E.O. 12958: DECL: 05/15/2019

Classified By: CDA Peter Burleigh. Reasons: 1.4(B, D).

¶1. (C) Charge met with Indian Foreign Secretary Shiv Shankar Menon May 15 for a discussion on the urgent humanitarian situation in Sri Lanka. Menon acknowledged the dire situation and said that the fighting was more intense in the conflict zone, with higher casualty figures and more use of heavy weaponry. Menon said the pressure needed to be put on the Sri Lankan government to limit the harm caused to civilians, but he cautioned that bilateral diplomacy would be more effective than highly public pressure in the UN Security Council or the Human Rights Council.

¶2. (C) Menon noted that within the past 24 hours, he had noticed in the Indian government's contacts with Sri Lanka that the Indians were sometimes in possession of more up-to-date knowledge about conditions in the conflict zone than some of their Colombo interlocutors. He speculated that the Sri Lankan military may not be keeping the brothers Rajapaksa as fully informed about the military situation. Menon said that the military was clearly finding it tougher going than they may had expected.

¶3. (C) The GOI is providing substantial humanitarian assistance in Sri Lanka, he confirmed, with 50,000 family meal packets being delivered last week and 40,000 to be delivered in the coming weeks. Shelters, medical supplies and two demining teams were also on the way. Prompted by the CDA's question, Menon said the next big humanitarian issue to be faced was the length of time Tamil IDPs would be kept in camps. India had already weighed in with the GSL, arguing that the six month period the GSL was considering was too long. Sri Lankan authorities needed to be more discriminating in how they screened IDPs, but lacked the capacity to carry out such vetting on an orderly basis. Menon said that ""association"" with the LTTE was not a useful metric; given the situation in northern Sri Lanka over the past twenty years, that would keep far too many people in the camps. Sri Lanka needed to look at those who actually posed a security threat.
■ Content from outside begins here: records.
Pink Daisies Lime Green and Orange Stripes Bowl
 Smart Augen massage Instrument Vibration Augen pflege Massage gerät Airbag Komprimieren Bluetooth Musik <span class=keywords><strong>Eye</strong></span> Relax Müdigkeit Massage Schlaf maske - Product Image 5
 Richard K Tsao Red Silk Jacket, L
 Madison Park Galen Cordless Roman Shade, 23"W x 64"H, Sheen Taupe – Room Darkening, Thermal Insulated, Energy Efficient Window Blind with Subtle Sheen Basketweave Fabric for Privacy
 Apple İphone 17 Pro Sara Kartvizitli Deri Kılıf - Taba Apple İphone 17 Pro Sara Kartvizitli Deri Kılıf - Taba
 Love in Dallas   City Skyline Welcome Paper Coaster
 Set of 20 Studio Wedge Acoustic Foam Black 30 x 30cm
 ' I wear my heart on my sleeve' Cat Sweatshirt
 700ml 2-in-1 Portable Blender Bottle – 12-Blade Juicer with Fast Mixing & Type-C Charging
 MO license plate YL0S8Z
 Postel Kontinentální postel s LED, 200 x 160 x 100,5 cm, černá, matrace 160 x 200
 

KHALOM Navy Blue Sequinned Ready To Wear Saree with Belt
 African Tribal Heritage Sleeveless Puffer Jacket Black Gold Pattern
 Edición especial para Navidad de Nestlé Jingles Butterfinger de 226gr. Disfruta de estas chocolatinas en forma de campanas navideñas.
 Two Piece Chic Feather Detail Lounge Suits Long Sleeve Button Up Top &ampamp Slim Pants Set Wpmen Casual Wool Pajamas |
¶4. (C) Turning to next steps after the conflict had ended, Menon said the Sri Lankan government had reassured India that the government would focus on implementation of the 13th Amendment Plus as soon as possible. Menon was skeptical. Noting that he would present the proposal to the next Foreign Minister after formation of the new Indian government, he suggested it would be useful for India to convoke an international conference -- noting that India, the Co-Chairs and China should attend -- to look at the post-conflict landscape. Menon characterized this as an opportunity for India; prohibitions on contacts with the LTTE had prevented useful engagement in the past, but now there would be space. Menon expressly included China in the grouping, arguing that best results from Sri Lanka could be expected when the West, India and China all worked together. Otherwise, Sri Lanka would find ways to play its international interlocutors off against each other.